Sterling filed a petition for judicial review in the Circuit Court for Anne Arundel County. She argued that the ALJ's decision was legally incorrect because the employer's failure to follow its own rules and regulations was illegal and in violation of the Accardi doctrine and Maryland case law applying that doctrine to Maryland administrative agencies. The employer again countered that Sterling could only challenge her rejection on probation on legal and constitutional bases, that those were limited to actions that violated public policy or were the result of unlawful discrimination, that Sterling was not unlawfully discriminated against, and that public policy was not violated. In addition, the employer argued that Sterling failed to show that she was prejudiced as a result of the violation.
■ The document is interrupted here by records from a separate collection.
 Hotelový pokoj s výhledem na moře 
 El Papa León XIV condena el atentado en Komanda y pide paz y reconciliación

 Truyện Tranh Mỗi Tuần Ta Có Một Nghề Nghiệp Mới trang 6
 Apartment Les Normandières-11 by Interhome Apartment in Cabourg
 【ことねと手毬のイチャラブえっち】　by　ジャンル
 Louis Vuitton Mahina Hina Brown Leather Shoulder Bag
In a written opinion and order, the circuit court affirmed the decision of the OAH. Relying on Bd. of Educ. of Anne Arundel Cty. v. Barbano, 45 Md.App. 27 (1980), the court concluded that the primary purpose of the regulations at issue was not to bestow benefits on probationary employees such as Sterling, but "to ensure the public interacts with competent and dedicated employees." Moreover, "the purpose of the rules in question is to provide a system for evaluating probationary employees and not to safeguard the rights of the probationary [Department] employees." The court also determined that the failure of the employer to evaluate Sterling's performance before rejecting her on probation "was not a failure to confer an important procedural benefit" on Sterling; rather it "was a failure in the 'ordinary transaction of business.'" The court held that Sterling was not prejudiced by the employer's failure to evaluate her performance because even if feedback had been provided, it "was overwhelmingly negative and ostensibly would have led to the same substantive outcome: a rejection of [Sterling] on initial probation."
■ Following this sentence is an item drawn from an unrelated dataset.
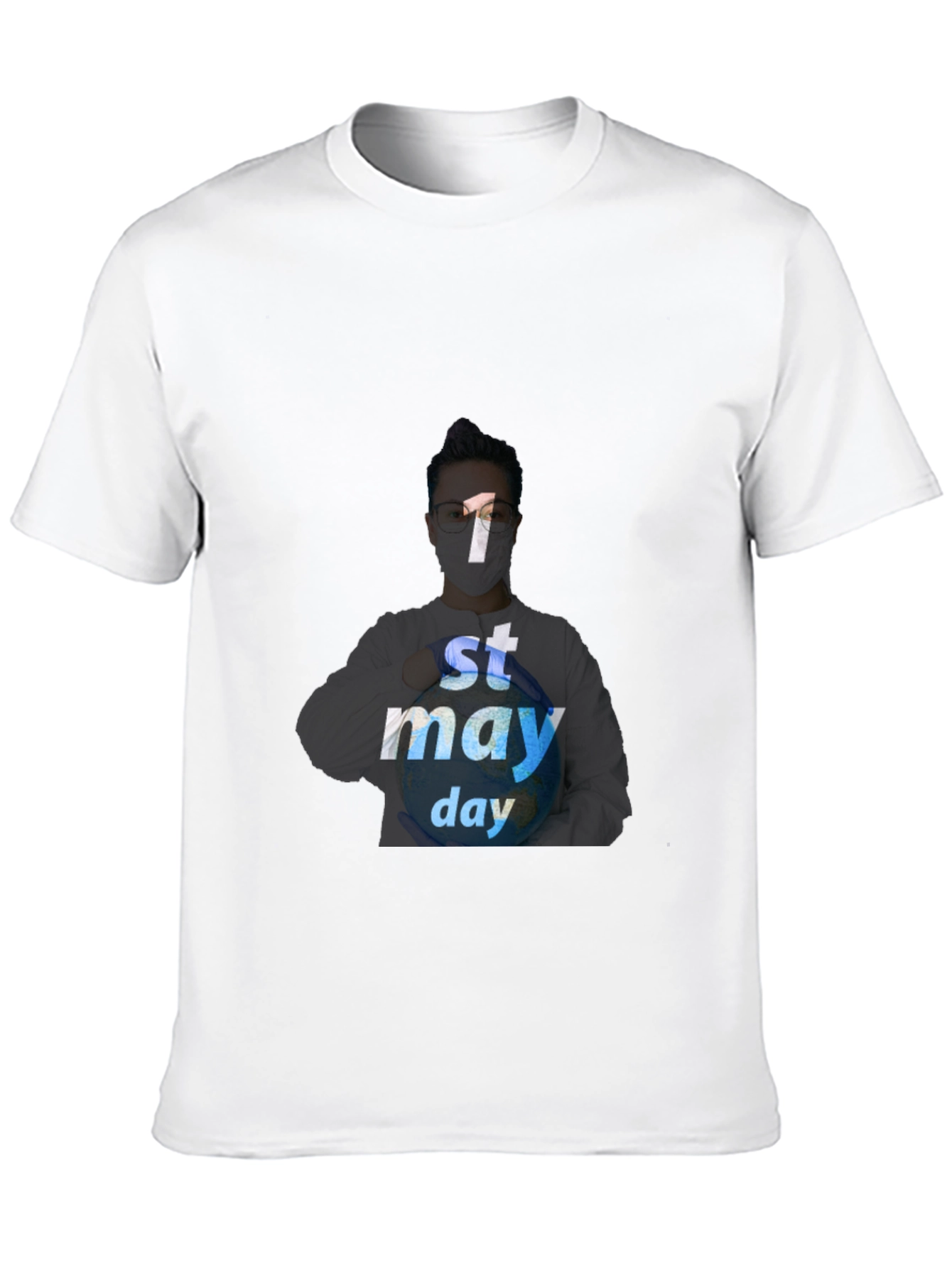 1st May Day T-Shirt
With regard to Sterling's argument that the employer's notice of rejection was unreasonable because it was hand-delivered to her former address and sent to her personal email address, the court held that there was substantial evidence that Sterling received adequate notice and that she was not prejudiced by receipt of actual notice of her rejection on probation when she arrived at work on November 21, 2019. The court wrote that to "conclude that [the employer] missed the mark by 8 hours and thus the employee had irrevocably crossed the Rubicon from probationary employee to career service employee would be the triumph of literalism indeed."

STANDARD OF REVIEW

In a judicial review proceeding, the issue before us is not whether the circuit court erred, but whether the administrative agency erred. Bayly Crossing, LLC v. Consumer Prot. Div., 417 Md. 128, 136 (2010). For this reason, we will "look through" the circuit court's decision in order to evaluate the decision of the agency. In re J.C.N., 460 Md. 371, 386 (2018); Kor-Ko Ltd. v. Md. Dep't of the Env't, 451 Md. 401, 409 (2017); Garrity v. Md. State Bd. of Plumbing, 447 Md. 359, 368 (2016); People's Counsel for Balt. Cty. v. Loyola Coll. in Md., 406 Md. 54, 66 (2008).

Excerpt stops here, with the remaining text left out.